If true , sends a prompt parameter instead of messages .

  • Type: Boolean
  • Example: forcePrompt: false
  • Note : This combines all messages into a single text payload, following OpenAI format , and

uses the /completions endpoint of your baseURL rather than /chat/completions .

models :

Configuration for individual models within a group.

  • Description : Configures settings for each model, including deployment name and version. Model configurations can adopt the group's deployment name and/or version when configured as a boolean (set to true ) or an object for detailed settings of either of those fields.
  • Example : See above example configuration.

Within each group, models are records, either set to true, or set with a specific deploymentName and/or version where the key MUST be the matching OpenAI model name; for example, if you intend to use gpt-4-vision, it must be configured like so:

models:
  gpt-4-vision-preview: # matching OpenAI Model name
    deploymentName: "arbitrary-deployment-name"
    version: "2024-02-15-preview" # version can be any that supports vision

Model Configuration Parameters

deploymentName :

The name of the deployment for the model.

  • Type: String
  • Required
  • Example : "gpt-4-vision-preview"
  • Description : Identifies the deployment of the model within Azure.
  • Note : This does not have to be the matching OpenAI model name as is convention, but must match the actual name of your deployment on Azure.

version :

Specifies the version of the model.

  • Type: String
  • Required
  • Example : "2024-02-15-preview"
  • Description : Defines the version of the model to be used.

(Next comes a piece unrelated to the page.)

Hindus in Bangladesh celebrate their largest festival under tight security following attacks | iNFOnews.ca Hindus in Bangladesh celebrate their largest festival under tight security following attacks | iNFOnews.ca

When specifying a model as a boolean ( true ):

When a model is enabled ( true ) without using an object, it uses the group's configuration values for deployment name and version.

Example :

models:
  gpt-4-turbo: true

When specifying a model as an object:

An object allows for detailed configuration of the model, including its deploymentName and/or version . This mode is used for more granular control over the models, especially when working with multiple versions or deployments under one instance or resource group.

Example :

models:
  gpt-4-vision-preview:
    deploymentName: "gpt-4-vision-preview"
    version: "2024-02-15-preview"

Notes:

  • Deployment Names and Versions are critical for ensuring that the correct model is used. Double-check these values for accuracy to prevent unexpected behavior.